In his article “Disappearing Ink,” published in the magazine Poetry, Dana Gioia has hailed rap as “the new oral poetry.” He hoped that it might be a spark for a “renovation from the margins” of literary poetry. According to Gioia, while critical tastemakers may dismiss young literary poets’ return to form and narrative as benighted antiquarianism and intellectual pretension, its universal adoption among neglected urban blacks. . .cannot] be dismissed in such simple ideological terms.”
The debut of the hefty new Anthology of Rap is a significant development in this reconciliation. The anthology, which was edited by two English professors Adam Bradley and Andrew DuBois and published by Yale University Press, may appear to be a Claire Malcolm-like cultural patronage project that incorporates rap to literary poetry’s critical and scholarly standards.

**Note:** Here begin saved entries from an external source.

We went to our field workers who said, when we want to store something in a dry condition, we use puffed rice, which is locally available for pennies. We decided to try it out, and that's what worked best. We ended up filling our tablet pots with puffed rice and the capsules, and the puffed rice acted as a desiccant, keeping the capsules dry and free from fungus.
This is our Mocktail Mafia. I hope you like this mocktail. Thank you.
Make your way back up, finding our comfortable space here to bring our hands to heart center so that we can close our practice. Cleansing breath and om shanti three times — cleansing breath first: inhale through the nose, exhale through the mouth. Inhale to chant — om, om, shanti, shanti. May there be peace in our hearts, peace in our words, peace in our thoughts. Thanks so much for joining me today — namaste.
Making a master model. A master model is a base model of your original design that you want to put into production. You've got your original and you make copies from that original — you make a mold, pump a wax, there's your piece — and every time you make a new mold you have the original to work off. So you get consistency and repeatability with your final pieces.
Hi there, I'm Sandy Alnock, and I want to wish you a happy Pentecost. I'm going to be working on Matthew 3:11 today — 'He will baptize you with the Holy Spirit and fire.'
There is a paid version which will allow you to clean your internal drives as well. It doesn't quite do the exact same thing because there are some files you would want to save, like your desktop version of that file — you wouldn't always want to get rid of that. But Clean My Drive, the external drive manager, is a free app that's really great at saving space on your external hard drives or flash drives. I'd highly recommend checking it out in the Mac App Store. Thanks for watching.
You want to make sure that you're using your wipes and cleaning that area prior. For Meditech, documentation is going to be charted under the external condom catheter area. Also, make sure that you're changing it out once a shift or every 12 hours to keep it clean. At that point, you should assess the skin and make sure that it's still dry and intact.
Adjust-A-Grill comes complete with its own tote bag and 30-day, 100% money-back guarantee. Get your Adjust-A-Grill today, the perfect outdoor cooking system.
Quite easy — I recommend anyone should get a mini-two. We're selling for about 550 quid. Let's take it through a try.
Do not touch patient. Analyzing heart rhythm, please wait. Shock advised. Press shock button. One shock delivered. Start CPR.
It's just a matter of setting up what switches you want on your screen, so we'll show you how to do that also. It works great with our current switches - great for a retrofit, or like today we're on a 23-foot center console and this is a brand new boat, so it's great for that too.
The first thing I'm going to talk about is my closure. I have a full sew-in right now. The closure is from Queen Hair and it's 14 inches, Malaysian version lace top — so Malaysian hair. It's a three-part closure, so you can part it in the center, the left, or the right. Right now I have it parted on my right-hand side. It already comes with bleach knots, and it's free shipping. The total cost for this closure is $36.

Book of Rhymes is a book written by Bradley, with an introduction that explains, “It narrates the tale of hip hop as lyric poetry.” Book of Rhinks: The Poetics of Hip Hop is a well-written book about the forms and methods of hip hop music. He adds in his notes to Anthology that he and Vendler had the chance to learn poetry from Helen Vendler, “a wonderful teacher,” and that both he and Vendler were interested in genres.
While the editors recognize that “reading rap will never be the same as listening to it,” this anthology is intended to go beyond a collection of song lyrics. As scholars of poetry, they naturally believe that reading is a more respectable way to experience something than listening— DuBois is the editor of a book called Close Reading: The Reader—and the idea behind this anthology is that MCs are essentially writers: “This isn’t, after all, a collection of lyrics from rap’s greatest hits; rather, it’s a collection of rap’s finest verse.”